Bulimia opinionistica
C’è una scena in Sogni d’oro, il film che Nanni Moretti ha gi-rato nel 1981, dove il protagonista, il regista Michele Apicella, si infuria con i suoi amici, e dice: «Tutti si sentono in diritto, in dovere, di parlare di cinema. Tutti parlate di cinema. Tutti. Parlo mai di astrofisica io? Parlo mai di biologia io? Parlo mai di neuropsichiatria? Parlo mai di botanica? Parlo mai di algebra? Io non parlo di cose che non conosco». Nanni Moretti dice: «io non parlo di cose che non conosco. Non parlo di botanica. Ma tutti parlano di cinema». Si parla di cose che non si conoscono. Lo abbiamo visto soprattutto in questi mesi, e forse era inevitabile. Ma tutti hanno scambiato questa bulimia di opinioni, distinguo, storie (e presto arriveranno in libreria decine di libri sui giorni che abbiamo appena vissuto e stiamo vivendo) per una forma di superficialità, di narcisismo, per l’ansia di mostrarsi, per conseguenza di un tempo poco serio, dove «tutti parlano di cinema» senza saperne niente, come direbbe Moretti. Ma in realtà è una storia diversa. Non siamo più capaci di non dire, non siamo più capaci di non rispondere, non siamo più capaci di tollerare il fatto che questo mondo finisce per sfuggirci e non ne sappiamo abbastanza. Oggi tutti hanno un’opinione su dove vanno le anatre di Central Park quando il lago ghiaccia. Tutti hanno il diritto di supporlo, di sentirlo, di immaginarlo, e dunque dirlo. Avendo trasformato la parola incompetenza in sinonimo di ignoranza, l’ignoranza in sinonimo di pochezza se non stupidità, si è generata una filiera che obbliga chiunque a mostrarsi, a esprimersi, ad attraversare terreni non suoi: anche se non sai nemmeno dove sta il laghetto di Central Park saprai qualcosa di quelle anatre.
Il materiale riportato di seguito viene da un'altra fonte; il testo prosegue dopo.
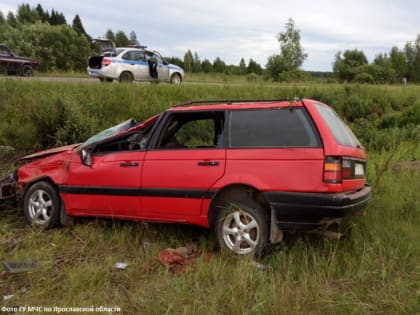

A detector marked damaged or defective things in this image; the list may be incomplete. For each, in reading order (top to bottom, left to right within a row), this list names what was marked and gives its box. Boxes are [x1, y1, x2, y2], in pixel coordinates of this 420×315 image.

damaged red car [1, 99, 372, 256]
Lo devi fare, perché se non lo fai non esisti. Eppure abbiamo sempre più bisogno di laghi ghiacciati, e di anatre segrete. Negli anni Novanta Prince dichiarò che avrebbe distrutto tutto il suo lavoro poco prima di morire, scatenando indignazioni, dispiaceri e persino anatemi da parte dei suoi fan. Un po’ come un grande pittore che dipinge per sé tutta la vita, a eccezione di qualche quadro esposto nelle mostre, e poi decide di bruciare le tele.
La lezione di Salinger
I cambiamenti di questi mesi ci hanno allontanato ancora di più dai laghi ghiacciati e dal silenzio necessario, dal riserbo, persino dall’idea che non lasciare troppo di sé non sia poi così sbagliato. Poco importa se quelle anatre non le ha mai viste nessuno. Eppure l’unica via di uscita accettabile è quella di darsi tempo, di prendere atto che i laghi ghiacciati esistono e che vanno rispettati. E scrivere, comporre, creare, fare nuove cose, senza esibirle subito, senza temere di non apparire e di non esserci. Verrà il ghiaccio, e sarà un inverno pieno di attese. O almeno si spera possa essere così. Perché altri modi per salvarci non ne abbiamo.